Exercise objective.
Using the material below, repeat exactly the lines from the one with "(170228) -- PARIS, 28." through the one with "Lululemon Skinny Fly", ends included, without any images.

Records provided.
++++++++
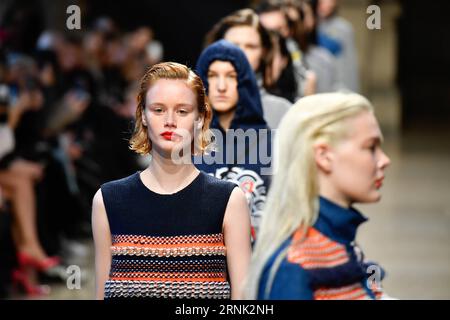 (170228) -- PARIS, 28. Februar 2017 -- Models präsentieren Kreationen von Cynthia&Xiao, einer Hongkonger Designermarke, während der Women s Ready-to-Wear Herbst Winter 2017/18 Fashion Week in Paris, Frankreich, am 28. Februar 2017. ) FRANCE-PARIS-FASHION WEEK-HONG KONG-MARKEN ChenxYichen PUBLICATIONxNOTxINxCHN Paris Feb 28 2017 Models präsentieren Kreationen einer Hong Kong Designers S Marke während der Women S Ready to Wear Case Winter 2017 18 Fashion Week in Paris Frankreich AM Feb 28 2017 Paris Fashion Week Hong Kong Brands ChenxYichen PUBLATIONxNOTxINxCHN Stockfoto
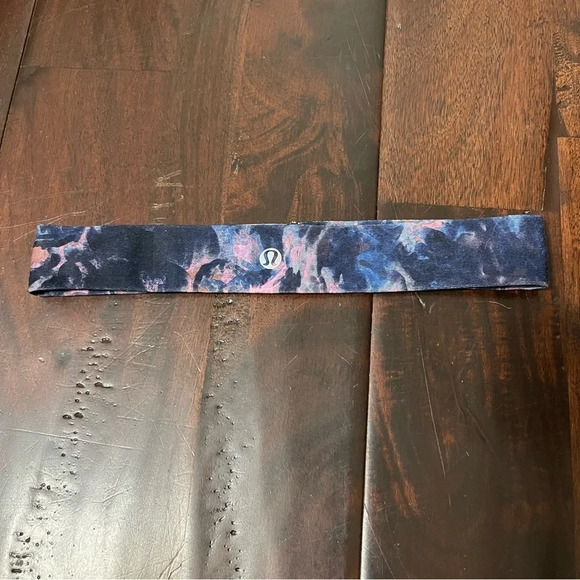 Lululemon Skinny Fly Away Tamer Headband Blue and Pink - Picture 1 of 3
++++++++
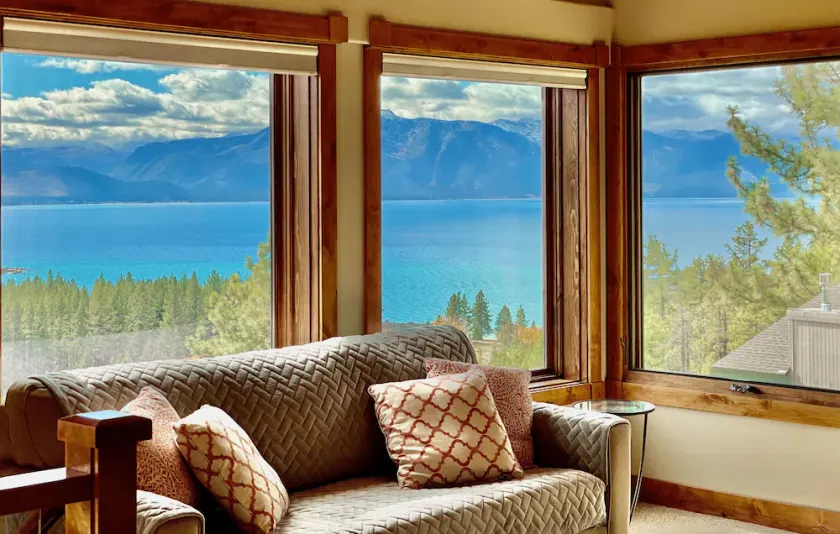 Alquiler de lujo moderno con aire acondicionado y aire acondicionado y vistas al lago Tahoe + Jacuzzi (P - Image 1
++++++++
Task response.
 (170228) -- PARIS, 28. Februar 2017 -- Models präsentieren Kreationen von Cynthia&Xiao, einer Hongkonger Designermarke, während der Women s Ready-to-Wear Herbst Winter 2017/18 Fashion Week in Paris, Frankreich, am 28. Februar 2017. ) FRANCE-PARIS-FASHION WEEK-HONG KONG-MARKEN ChenxYichen PUBLICATIONxNOTxINxCHN Paris Feb 28 2017 Models präsentieren Kreationen einer Hong Kong Designers S Marke während der Women S Ready to Wear Case Winter 2017 18 Fashion Week in Paris Frankreich AM Feb 28 2017 Paris Fashion Week Hong Kong Brands ChenxYichen PUBLATIONxNOTxINxCHN Stockfoto
 Lululemon Skinny Fly Away Tamer Headband Blue and Pink - Picture 1 of 3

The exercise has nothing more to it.